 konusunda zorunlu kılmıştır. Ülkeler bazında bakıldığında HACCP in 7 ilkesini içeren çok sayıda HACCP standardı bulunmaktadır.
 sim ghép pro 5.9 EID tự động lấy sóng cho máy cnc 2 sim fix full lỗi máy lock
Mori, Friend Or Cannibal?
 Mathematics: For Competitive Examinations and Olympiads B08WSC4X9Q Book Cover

==

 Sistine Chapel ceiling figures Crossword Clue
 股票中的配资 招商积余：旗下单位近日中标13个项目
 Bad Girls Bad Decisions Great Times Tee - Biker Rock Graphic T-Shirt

...

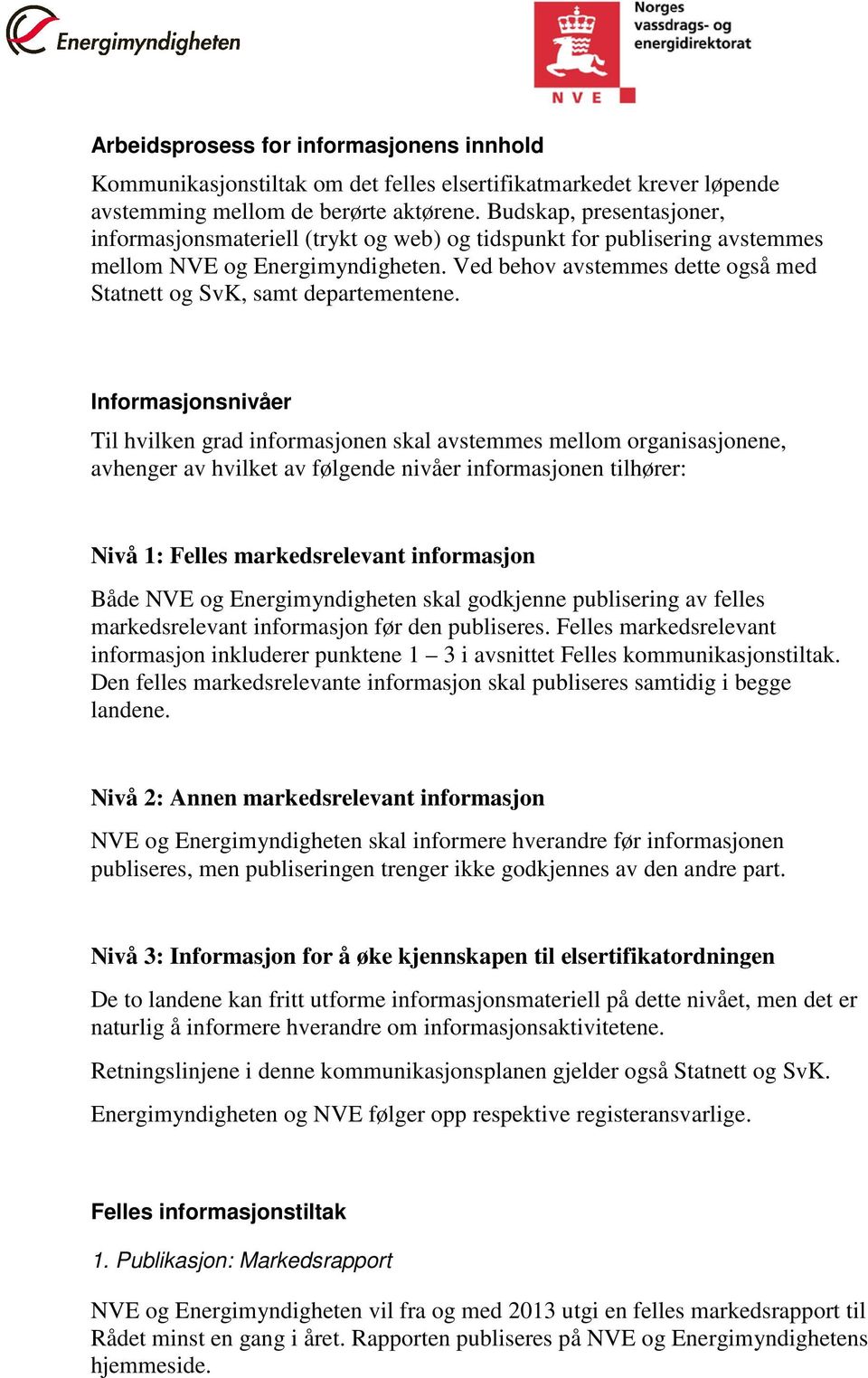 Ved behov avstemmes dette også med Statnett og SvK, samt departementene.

** Brief **
Using the data above, print exactly the lines from the line that contains "konusunda zorunlu kılmıştır." through the line that contains "Mathematics: For Competitive", with both included.

** Response area **
 konusunda zorunlu kılmıştır. Ülkeler bazında bakıldığında HACCP in 7 ilkesini içeren çok sayıda HACCP standardı bulunmaktadır.
 sim ghép pro 5.9 EID tự động lấy sóng cho máy cnc 2 sim fix full lỗi máy lock
Mori, Friend Or Cannibal?
 Mathematics: For Competitive Examinations and Olympiads B08WSC4X9Q Book Cover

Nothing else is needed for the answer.